Q:他国のLAWSの研究開発状況を把握されていることと、懸念について伺えればお願いします。

A:詳細を把握しているわけではありません。しかし、情報収集をしっかり努めていきたいと思っています。

Q:オーストラリアとの円滑化協定についてお伺いします。1月にパイン国防大臣と岩屋大臣が面会及び会談をされたときに、パイン氏から3月末を目途に妥結・署名したいという発言がありました。現在の進捗状況と今後の見通しについて、お聞かせください。

A:パイン豪国防大臣がお見えになったときに、非常にリーダーシップをオーストラリア国内でも発揮していただいている、ということに感謝申し上げたのですが、まだ最終的な結に至っていません。ご案内のとおり、死刑の問題等もございます。しかし、総理もオーストラリアに行き、首脳間でできるだけ早く防衛交流のための円滑化協定を作ろう、ということを表明しておりますので、防衛省としても、関係省庁と連携しながら、できるだけ早く妥結に至るよう努力していきたいと思っています。

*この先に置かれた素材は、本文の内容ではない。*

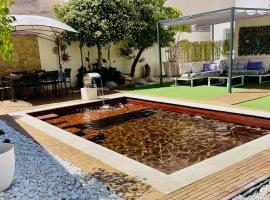 Hotel Foto: Villa Paradise, urban oasis by -Toprentalsbarcelona-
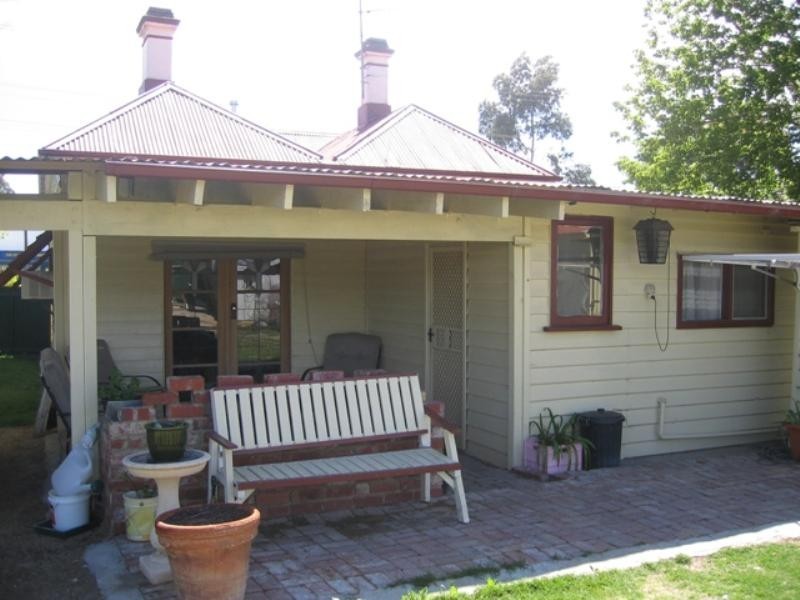 36 Anzac Avenue, Seymour VIC 3660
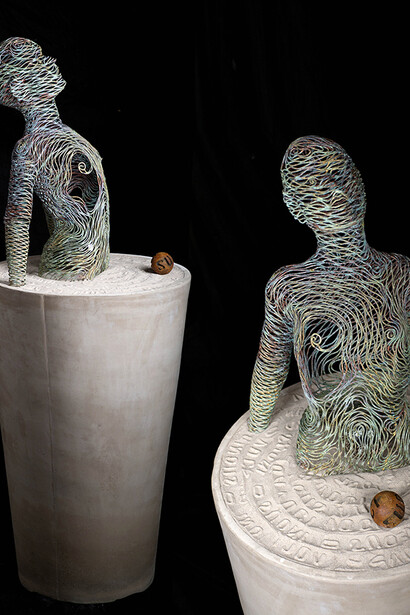 Bonzanos Art Group, Sete di vivere, 2017, scultura in filo di rame, cm. 172x64x65, courtesy l'artista, opera semifinalista al Premio Arte Mondadori 2017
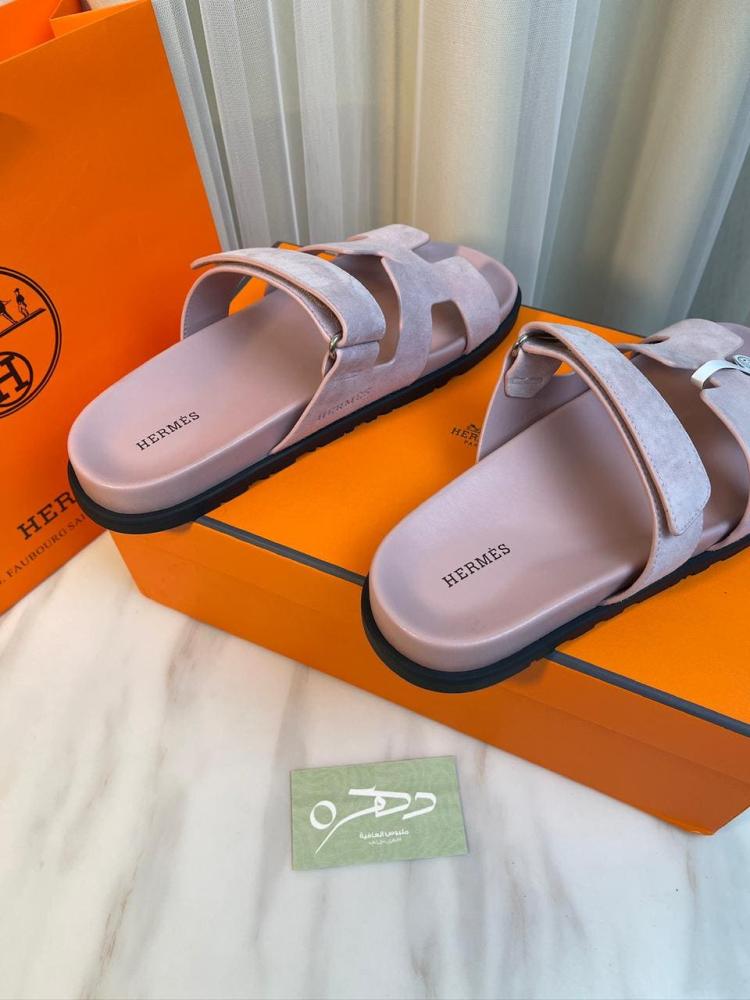 صندل من الجلد الشيبر من هيرميس - وردي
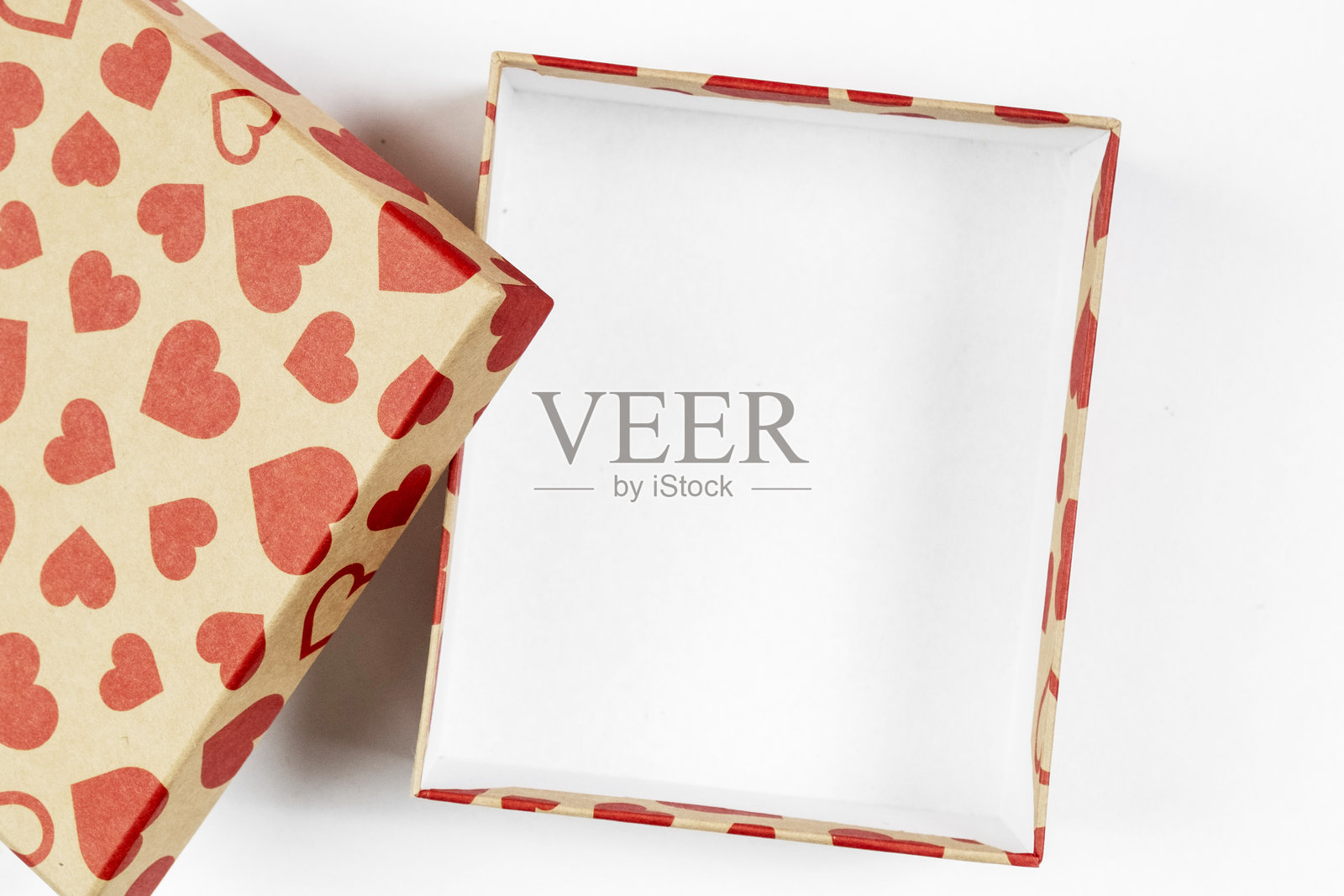 空盒子上装饰着心形图案，背景为浅色，俯视图。照片摄影图片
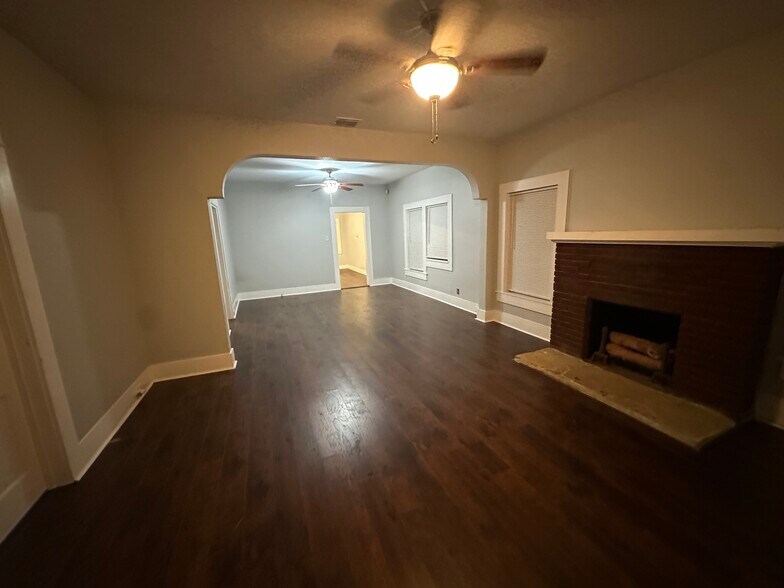 Building Photo - 1118 Santa Anna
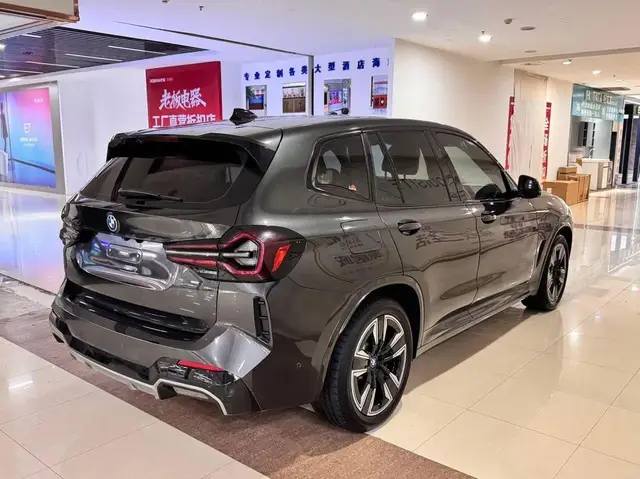 BMW IX3 LEADING EDITION 2022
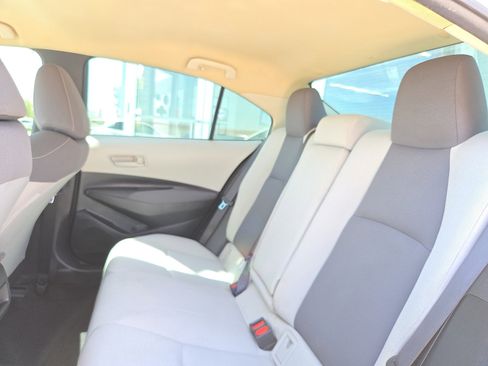 Used 2022 Toyota Corolla LE image 6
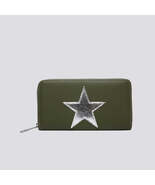 Green Purse with Silver Star - $428.42 MXN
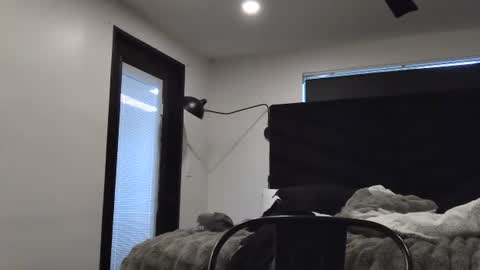 thiccbull12 online show from 5, 8, 2026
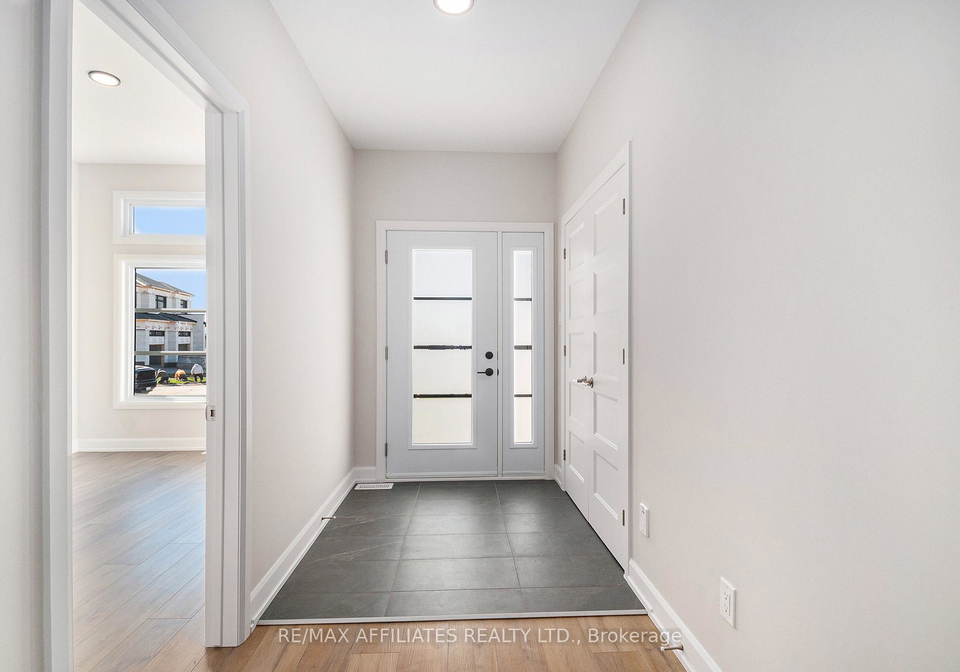1028-chablis-crescent-russell-ontario-x12424304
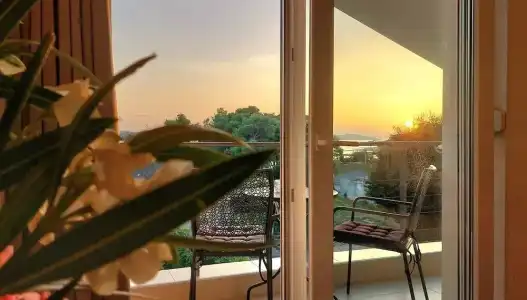 Refresh Boutique Apartments - 6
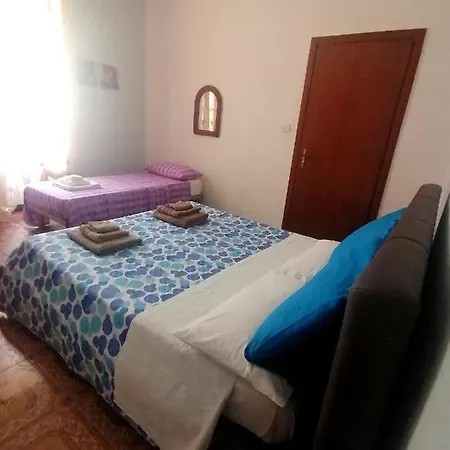 Гостевой дом Due Finestre Sul Cortile Нови-Лигуре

Q:安保法制で可能になった海外での邦人救出のために、日本政府が米空軍の特殊作戦用のCV-22オスプレイの導入を決めた、という一部報道があるのですが、事実関係をお願いいたします。

A:そのような事実はございません。ご案内のとおり、私どもはMV-22というオスプレイを17機導入する予定でございまして、既に米国で生産が始まっていて、1号機等はできていると承知しており、今、隊員が現地に行って訓練をしている、ということでございまして、そういったものが導入されれば、国防の任務はもちろんですが、災害対応や、場合によっては邦人救出等にも使えるようになると思っておりますが、報道にあったように、邦人救出のために別のオスプレイを導入するという計画はありません。